2. The feed contained 15 wt % aromatics and 0.5 wt % benzene. The liquid product contained 1 wt % total aromatics and <0.02 wt % benzene.
3. Two indicators of selective cracking of the feed are found: 1) the decrease in the T90 (the temperature at which 90 vol % of the liquid has evaporated) from the feed (340° F.) to the product (286° F.) and 2) the decrease in the concentration of hydrocarbons of C11 and greater (C11+) between feed (2.8 wt %) and product (0.1 wt %).
4. Isomerization is partly demonstrated by the decrease in the concentration of total normal paraffins (n-paraffins) from 13 wt % in the feed to 11 wt % in the product. Isomerization is particularly shown by the increase in the isoparaffin concentration from 25 wt % in the feed to 42 wt % in the product.
Additional similar examples are provided in the attached tables.
The extent of conversions in each of the three specified reactions (aromatics hydrogenation, hydrocracking and isomerization) is dependent on the catalyst and the reaction conditions, especially the temperature. In most cases the catalyst and operating temperature are chosen to provide the desired degree of hydrocracking, since the feedstock is closer to the desired degree of conversion for the other two reactions, and because conversion in the other two reactions is more facile, and thus more easily attained.

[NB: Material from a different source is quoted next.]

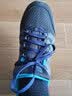 HKNS适配耐克阿迪达斯鞋带NIKE AIR运动鞋帆布鞋男女扁平黑白AJ1鞋带 藏蓝色 120cm（常用6对鞋孔） 实拍图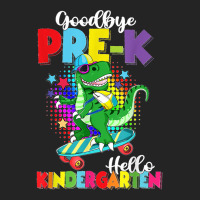 Dinosaur Goodbye Preschool Graduation Hello Kindergarten 3/4 Sleeve Shirt | Artistshot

These data show that the instant invention produces a gasoline blending stock that is better able to meet the new regulations for gasoline than the present reformate produced by catalytic reforming.

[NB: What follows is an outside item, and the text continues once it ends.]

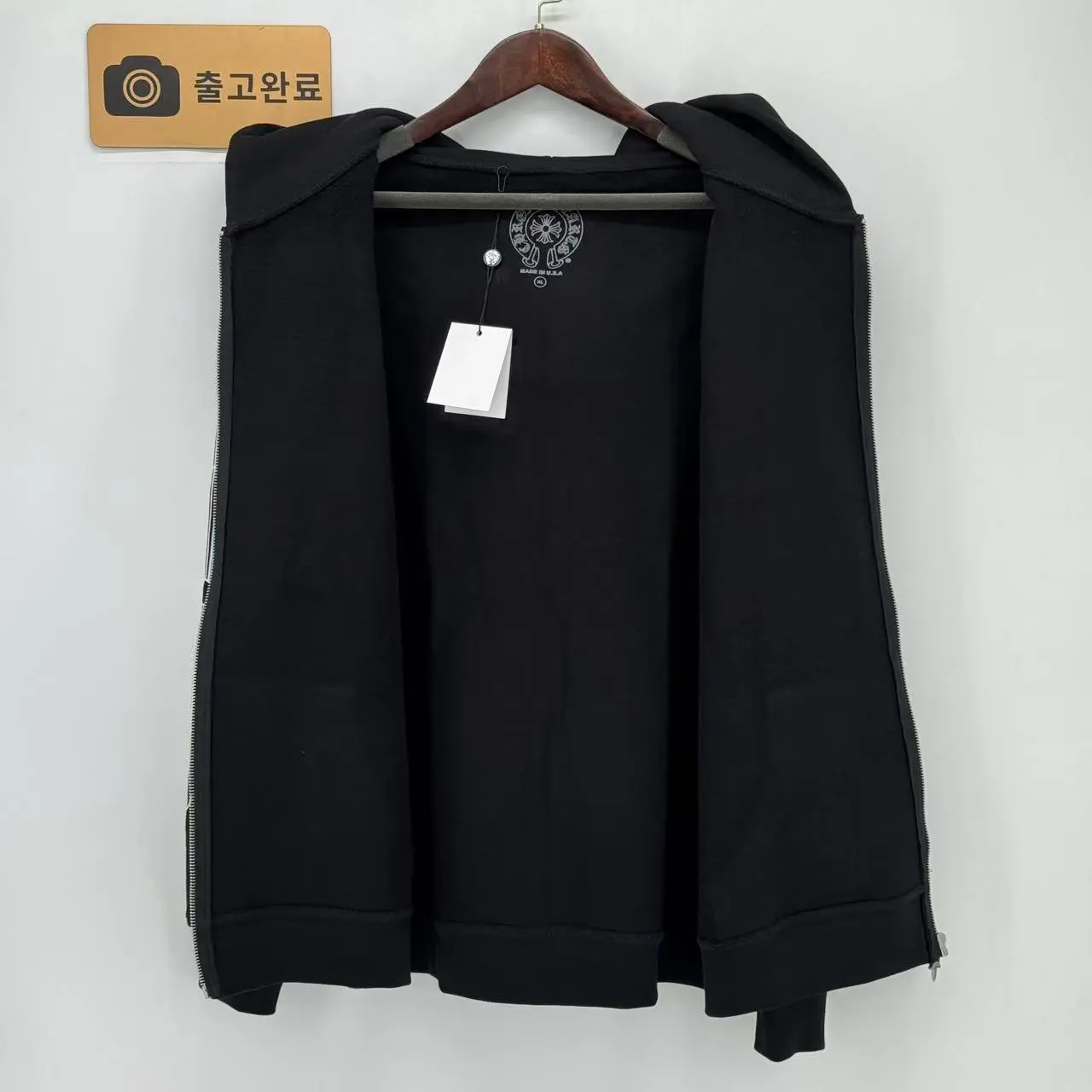 크롬하츠 말발굽 기린 무늬 프린트 집업 자켓 28940 검수사진 8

Practice of the process of this invention can be illustrated by the following examples and data which is only intended as a means of illustration and it should be understood that the invention is not limited thereby. Those skilled in the art will recognize variations which are within the spirit of the invention.
The Examples are divided into two categories: descriptions of the preparations of the catalysts used in the process and tables providing process conditions and the compositions of the feedstocks and products. The catalyst preparations are labeled A through I. The Tables of hydrocarbon properties and process conditions are labeled with example identification numbers as well as the catalyst identification letters. Several examples of products formed from each of the catalysts are provided.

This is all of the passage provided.